観光庁、厚生労働省、国土交通省の関係部局は11月22日、住宅宿泊事業法(民泊新法)の届け出手続きの適正化について自治体に通知した。一部の自治体が法令や条例などの根拠がない書類の提出や事前相談を求めたり、国が整備したオンラインの届け出システムの活用が不十分だったりしているとして改善を要請した。
住宅宿泊事業の届け出手続きに関しては、民泊関係事業者や政府の規制改革推進会議が一部の現状を疑問視。手続きがオンラインで完結しないことや、提出書類が多く手続きが煩雑になっていることなどを問題点に挙げていた。
自治体に対する通知では、(1)オンラインの「民泊制度運営システム」を利用した届け出を推奨する措置の徹底(2)法令や条例の根拠がない添付書類の見直し、簡素化、削減(3)法令や条例の根拠がない届け出の際の事前相談や立ち入り検査の見直し―などを求めている。

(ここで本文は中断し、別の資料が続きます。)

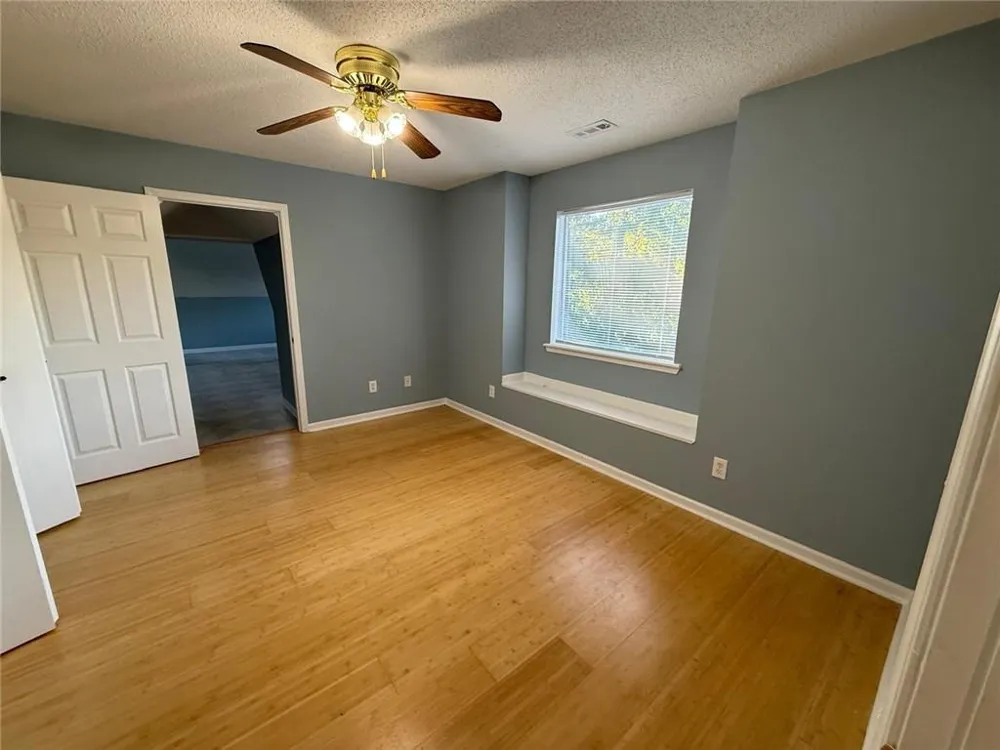 2337 Hollonville Road Brooks, GA 30205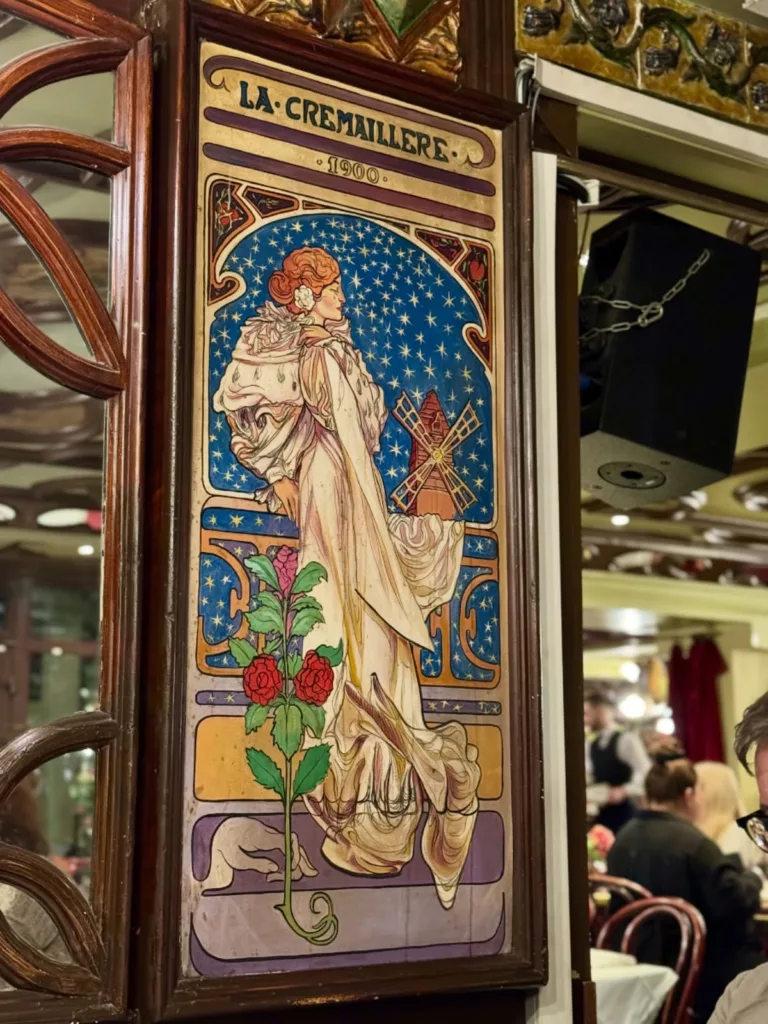 French walking tour of Montmartre to practice conversation and improve your spoken French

通知では、添付書類に関して「住宅宿泊事業法、関連省令で定めており、条例やそれに準ずる規定の根拠もなく、追加で添付書類を求めることは不適切」と指摘。条例などの根拠がない事前相談や立ち入り検査では、「これらの手続きを経ていないことを理由に届け出を受理しない行為は、行政手続法に違反するおそれがある」との考え方を示した。
今回の通知は、7月13日付の「住宅宿泊事業の届出に係る受付事務の迅速な処理等について」に続く通知で、住宅宿泊事業の事務を担う101自治体(47都道府県、31保健所設置市、23特別区)を対象に7月末までに回答を求めた実態調査の結果を踏まえて発出した。
観光庁などは実態調査の結果を公表し、不適切な運用の事例や自治体名を具体的に挙げた。法令に規定のない事前相談を那覇市が要綱で、文京区(東京都)がガイドラインで義務付けていたほか、事前相談を推奨している57自治体のうち26自治体が事前相談が必須と誤解されるような案内を行っていたと指摘した。
また、92自治体が法令に規定されていない書類の提出を届け出時に求めていた。提出の根拠は条例、ガイドラインなどに定めている自治体が多いが、山形県、沖縄県、川崎市、神戸市、川口市(埼玉県)、尼崎市(兵庫県)が「根拠なし」と回答したという。届け出のオンラインシステムの利用では、23自治体が「特にシステム利用を推奨していない」と回答した。